Was it something to do with Clive Gould? If Annie was right, they had both been in Gould’s pocket back in the sixties. Was something about Gould troubling them? Is that what the two of them wanted to discuss?
He recalled what Carroll had howled at him in the church: ‘I’m not going to end up like Pat! I’m not going to end up that way!’
Did they see Gould, just like I saw Gould? Sam thought. He felt a deep sense of conviction that he was thinking along the right lines – a conviction that came from the fact that Carroll and Walsh, like Sam, were caught up in the machinations of the Devil in the Dark.
Sam took a slow breath, relaxed, and allowed a picture to form in his mind’s eye. Where there was a lack of hard evidence, maybe his imagination, his intuition, his copper’s nose would point the way.
Walsh had the place to himself. He had things on his mind … things to do with Gould. Carroll came over, because he had worries too. Gould was haunting them both in some way. They were disturbed, frightened. So the two of them sat down here, Walsh and Carroll together, playing cards, drinking. It comforted them. They started talking things through, trying to make sense of whatever it was that was disturbing them, and then …

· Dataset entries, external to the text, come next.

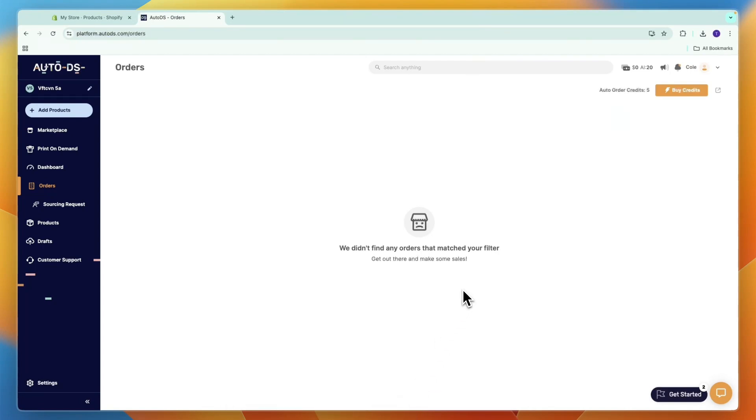Now you know how to auto order in AutoDS. If this video was helpful, please consider leaving a like and subscribing to my channel. I'll see you in the next video.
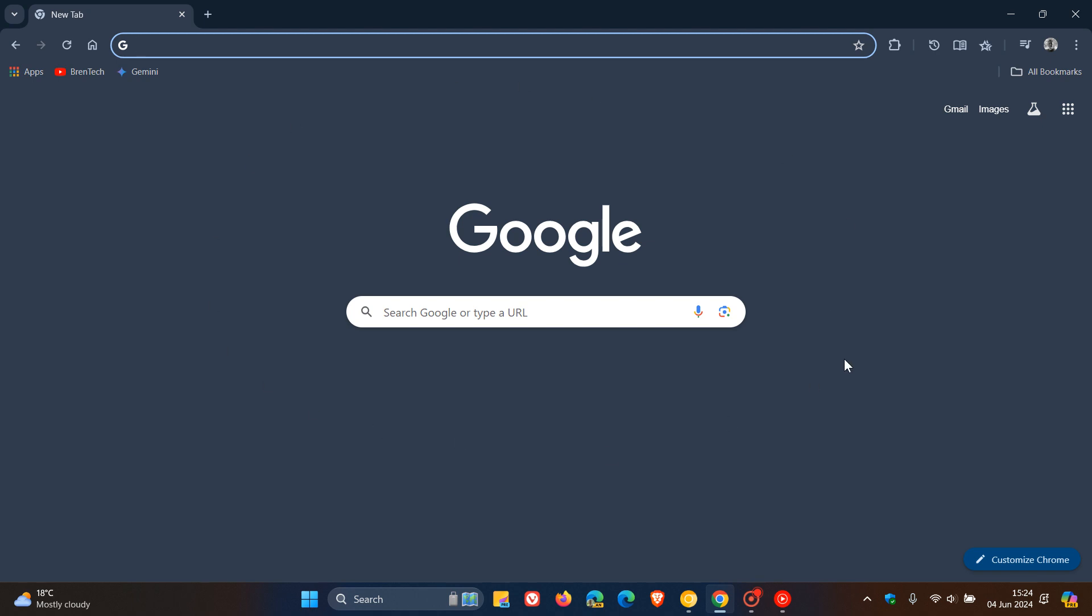Hi, BrenTech here, where tech is made simple. So currently in the stable version of Google Chrome, currently sitting on version 125,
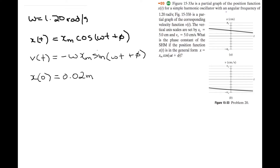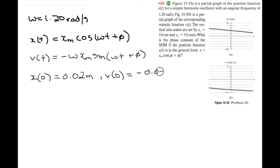Because xs is five centimeters and this is two ticks out of five, so that's two centimeters. The velocity at zero is equal to negative 0.04 meters per second, because vs is negative 0.05, and we're four ticks down out of five, so that's negative 0.04 meters per second.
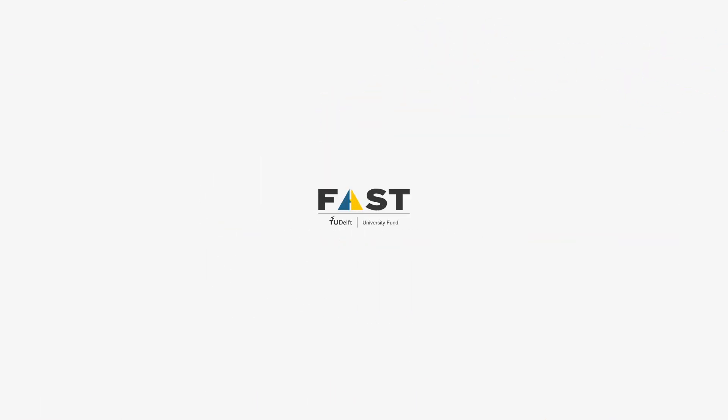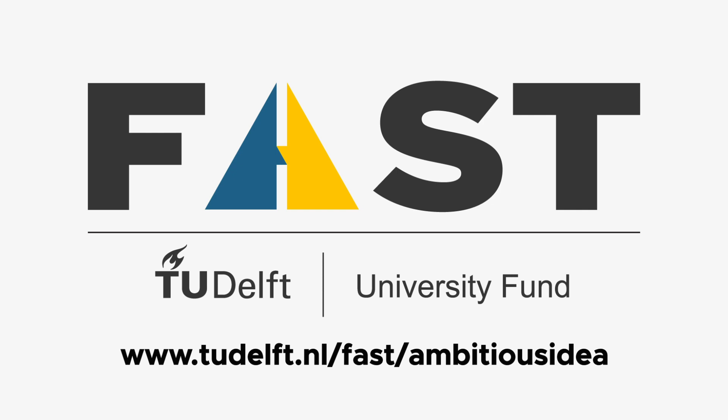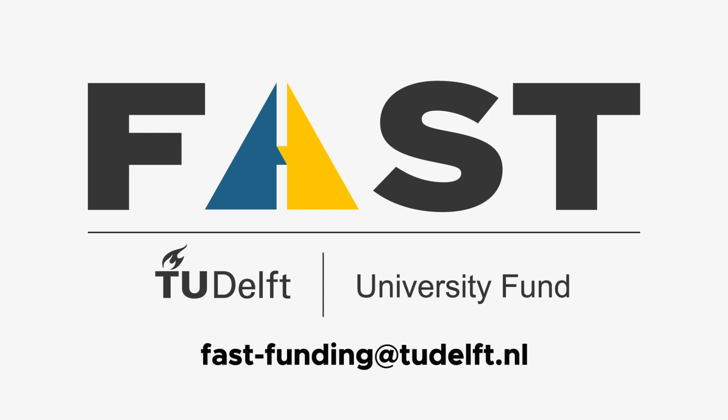Check out our website to learn more about the application requirements and procedure. Not sure if your idea is good enough? Don't hesitate to contact FAST!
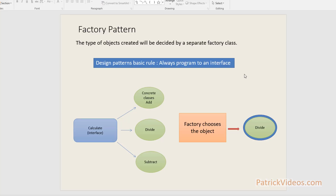Next, let us look at the Factory Pattern. Factory Pattern says that if you want to create an object in your application, do not go around creating objects anywhere you want. Have a separate place to create those objects — a separate factory class or folder where you will store all the business logic for creating objects.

Sam turned, looking back into the hallway at the smashed front door, then glanced about at the shattered furniture, the broken windows, the scattered wreckage. Something came crashing in here, roaring through that front door like an express train and turning the whole place upside down. And then what?
His intuition could not fill in the blank. Whatever happened was beyond his experience to imagine. All he could tell for sure was that Carroll had escaped, but not before he witnessed something happening to Pat Walsh – something awful – something that sent him haring off into that church with a gun in his hand.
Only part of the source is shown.